**What is expected**
No line before the one holding "Litva, 10 Litu, 1993 (1994), Gem UNC 66 EPQ" is to be copied; that line and all after it, through the end of the listing, are returned exactly, minus pictures.

--- Data ---

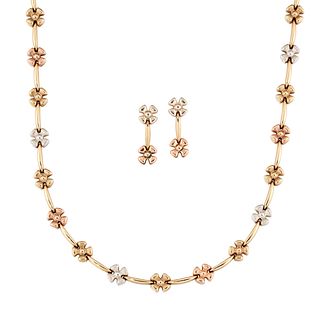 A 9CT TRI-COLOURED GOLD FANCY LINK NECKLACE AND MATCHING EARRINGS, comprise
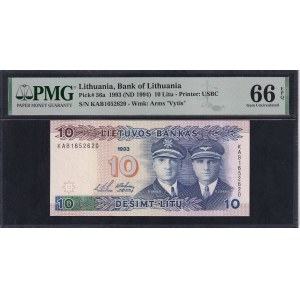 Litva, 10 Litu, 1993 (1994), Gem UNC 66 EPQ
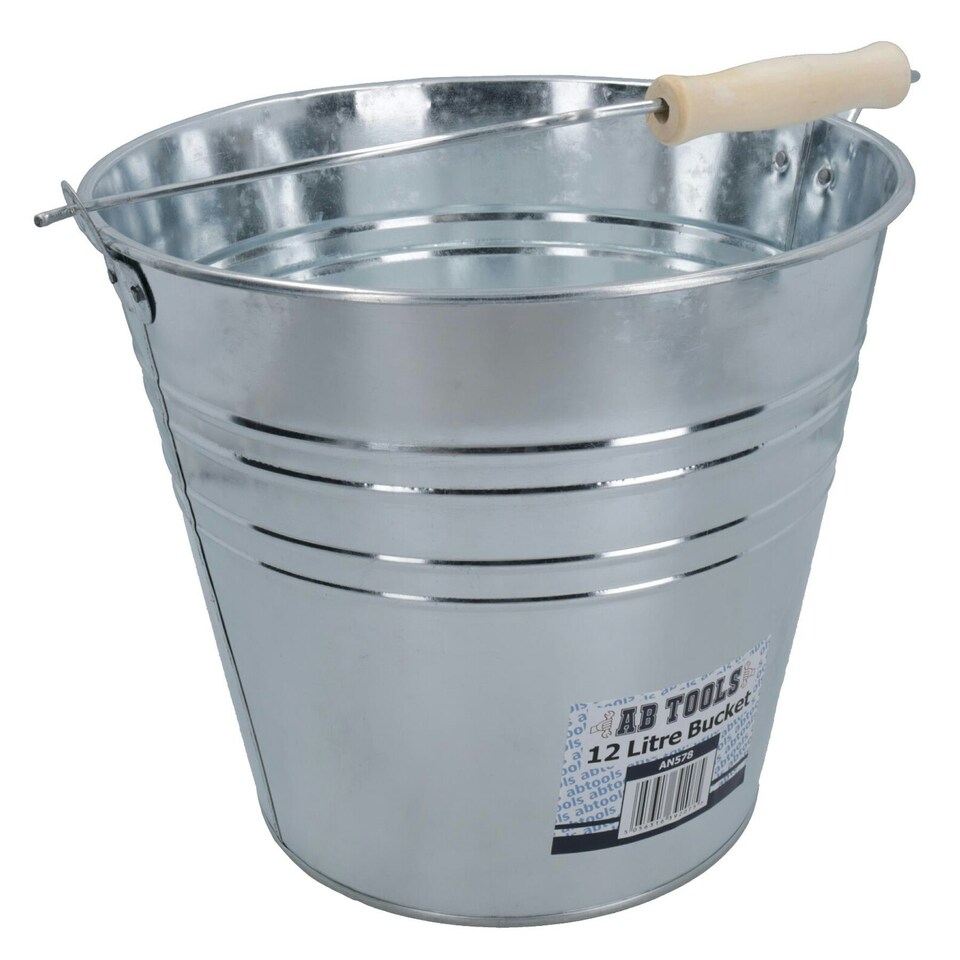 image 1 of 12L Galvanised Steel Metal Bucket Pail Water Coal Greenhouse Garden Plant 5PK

---

**Output below**
 Litva, 10 Litu, 1993 (1994), Gem UNC 66 EPQ
 image 1 of 12L Galvanised Steel Metal Bucket Pail Water Coal Greenhouse Garden Plant 5PK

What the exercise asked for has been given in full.